RNC News

The RNC sums up the results of 2022. There have been many changes this year: the size of the whole Corpus reached 1.5 billion tokens, two new subcorpora were inaugurated (Panchronic and "From 2 to 15"), the corpus of birchbark letters went parallel, the regional corpus is now disambiguated and features collocations and frequency tools. The old version of the RNC is now closed. The RNC is also migrating to a new interface. All the changes are shown in more detail in the picture.

The Birchbark letter corpus is updated with the texts of archaeological findings from the year 2021, published in 2022. These are the new documents from Veliky Novgorod and Staraya Russa, as well as the very first birchbark letter discovered in Pereyaslavl Ryazansky (modern-day Ryazan). 

A new corpus "From 2 to 15" featuring 75 original and translated texts in prose, read by modern children and teenagers, is inaugurated within the RNC. The main distinguishing feature of the new corpus is the automatic annotation of text fragments according to the age of readers that should be able to understand these fragments. The model is being tested, so mistakes can still appear in this annotation.

The Educational corpus interface has been substantially updated, the corpus is now available with the Get overview feature, and the description of the corpus has been updated.

A section "Corpus-based exercises" has been developed, which presents exercises based on the Educational Corpus and other corpora within the RNC. The exercises belong to different sections of the school Russian course and are designed for independent work in the classroom and at home, as well as for testing. We plan to develop and update the section with new exercises. The corpus users can also participate in the process. We invite teachers and professors to use the corpus to compose their own unique assignments and exercises. Feel free to send us some of your best ideas on info@ruscorpora.ru. We will publish them in the exercises section.

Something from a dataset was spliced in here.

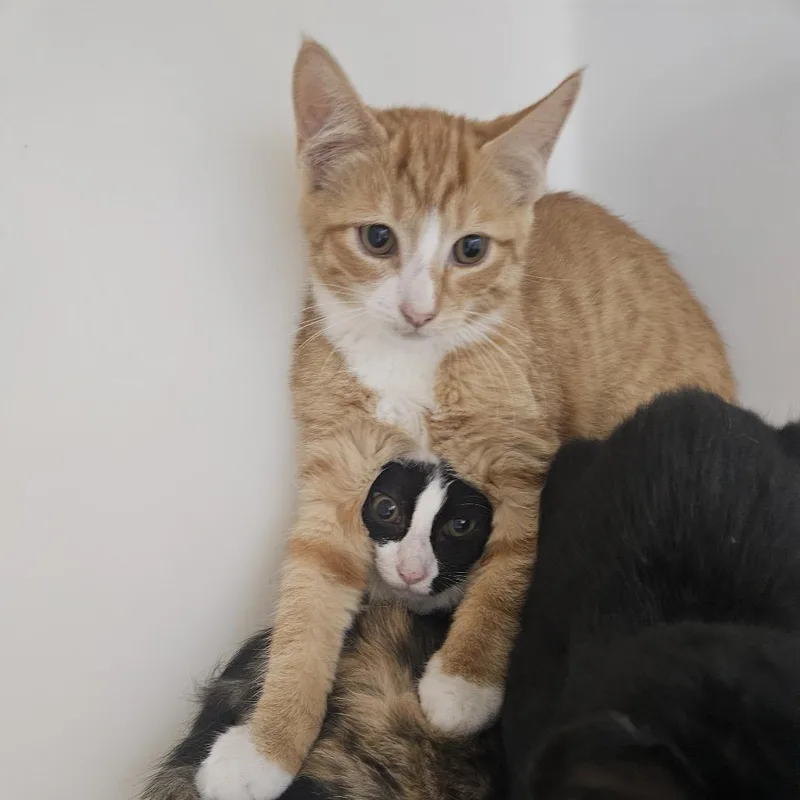 A young medium-sized male Orange / Red Domestic Short Hair cat named Rigatoni for adoption in Ridgely, MD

Each corpus within the RNC has its own Corpus Portrait. The Corpus Portrait functionality is designed as a tool that allows a RNC user to analyze the characteristics of a given corpus and assess whether the corpus in question is suitable for their research or teaching needs. The corpus portrait at this stage includes:

* a description of the corpus

* frequency dictionary (only in the Regional Media Corpus)  

All the RNC corpora have tags on a meta-corpus level, allowing to categorize them by historical period, text type, presence of specific annotation, etc. 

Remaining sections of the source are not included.